動機は不純・音楽編

昨年 6月に来た Musical Baton で、aiko を知ったのは「カブトムシ」が「CDTV」1999年12月エンディングテーマとなって番組に出て歌ったのを見た時、と書いた。それは嘘ではないんだが、実は aiko を聴くようになったのはこの頃からではない。

当時広末涼子がやっていた FM ラジオ番組を聴いていて、ある日 aiko の曲だけが集中的に流れた日があって、それがきっかけで関心を持つようになった。シングル「桜の時」が出た頃だったと思う。6年ほど前か。ちょうどその頃「カブトムシ」のカップリング「桃色」が NTT ドコモの TVCM で使われていて、その TVCM に出ていたのが広末涼子、という関係でラジオで取り上げたんだろう。

ただし同じく Musical Baton で書いた中島みゆきは不純な動機などまったくない。「あした」(1989年)という曲とそれを使った当時の KDD の TVCM が印象に残ったのがきっかけである。それ以前から「悪女」(1981年)がヒットしても「ザ・ベストテン」という番組に出なかったり、女の名前がたくさん出てくる「あの娘」(1983年)という曲をなぜか姉が好んで聴いていたりして知ってはいた。

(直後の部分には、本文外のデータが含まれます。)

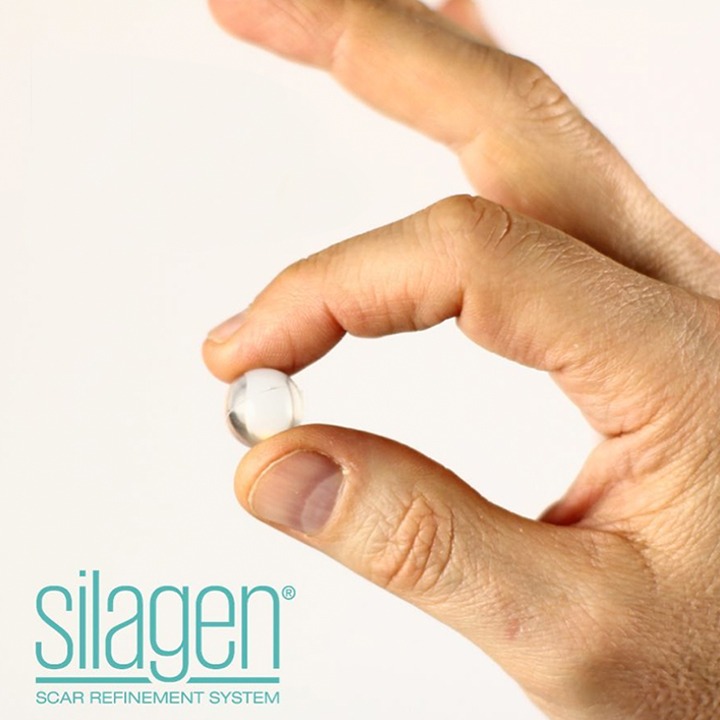 Silagen Silicone Umbilical Sphere Houston and The Woodlands TX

中島みゆきといえば柏原芳恵に提供した「春なのに」(1983年)で、子供の頃この部分の歌詞の意味がわからなかった。

記念にください ボタンをひとつ
青い空に 捨てます

なんでせっかくもらった制服の第 2 ボタンを捨ててしまうんだ、と思っていた。よく聴いてみたらこの曲は、卒業を口実に好きな人にふられてしまったという失恋の歌なんだ。それに気づいたのは20歳過ぎてからだった。「むこうで友だち 呼んでますね」の「友だち」が彼女なのかもしれないけど、せめて第 2 ボタンは彼女じゃなく私にください、私はそれを捨てます、あなたへの想いも捨てます、という意味なんだろう。

曲名や歌詞の一部で検索するとこの曲の歌詞全文を掲載したサイトやブログがすぐに見つかる。明らかに著作権法違反である。ちょっと検索してみた限りでは Web でも多くの人がこの歌詞の意味に気づいてないようだ。この曲に比べれば「木綿のハンカチーフ」なんてまだいい方だ。彼が旅立つまでは恋人だったんだし、「涙拭く木綿のハンカチーフください」と言えるだけまだまし。都会の価値観に感化され都会の魔力にとりつかれてしまった男と、田舎に残されて、変わってしまった彼との別れを悲しむ女。